A word-for-word copy is needed of the line containing "An illustration from" and every line after it through the end of the records below, leaving out all pictures.

----

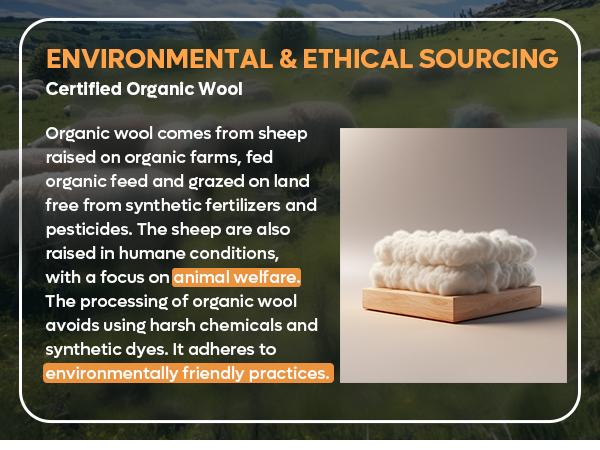 Bestier 14-inch Mattress Medium Firm Organic Wool Gel Memory Foam Ergonomic Bedding in a Box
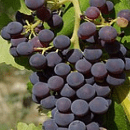 Grenache Rouge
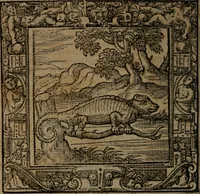 An illustration from Omnia Andreae Alciati v.c. emblemata : cum commentariis, quibus emblematum omnium aperta origine, mens auctoris explicatur, & obscura omnia dubiaque illustrantur (1581)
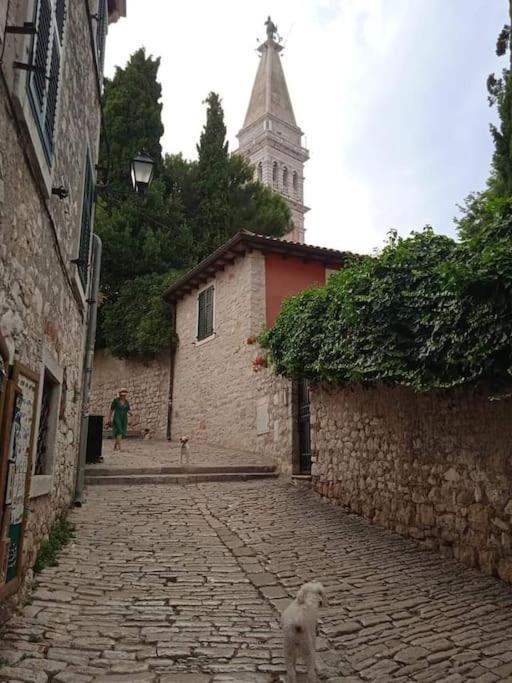 Little Heaven Daire Rovinj Dış mekan fotoğraf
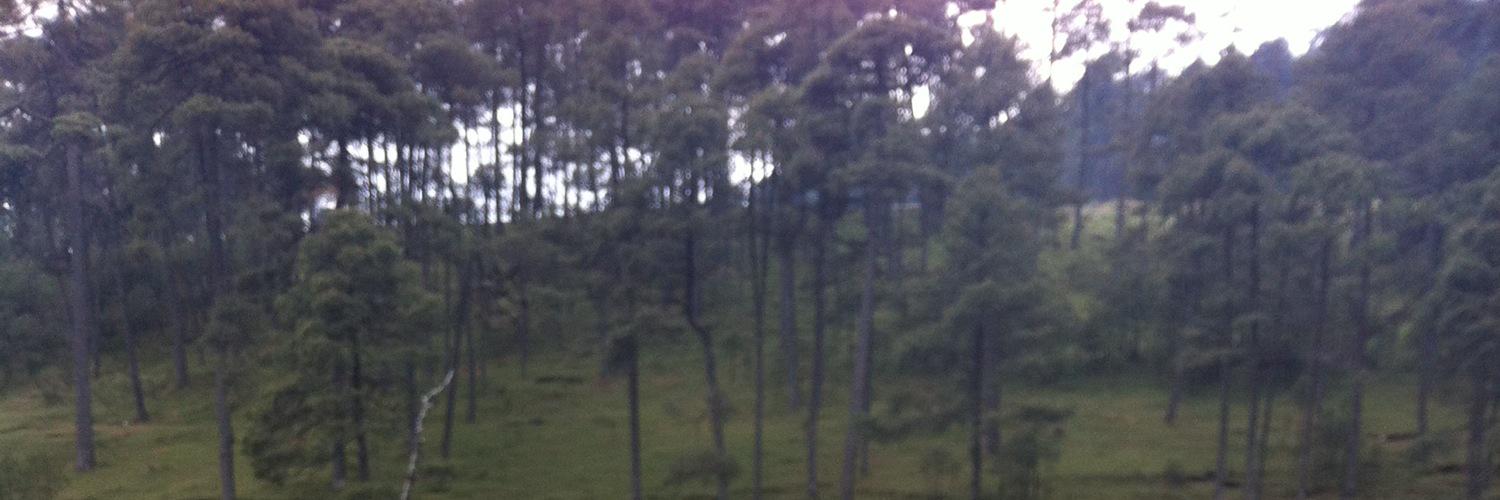 Adbeluga's profile banner image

----

[SOLUTION BELOW]
 An illustration from Omnia Andreae Alciati v.c. emblemata : cum commentariis, quibus emblematum omnium aperta origine, mens auctoris explicatur, & obscura omnia dubiaque illustrantur (1581)
 Little Heaven Daire Rovinj Dış mekan fotoğraf
 Adbeluga's profile banner image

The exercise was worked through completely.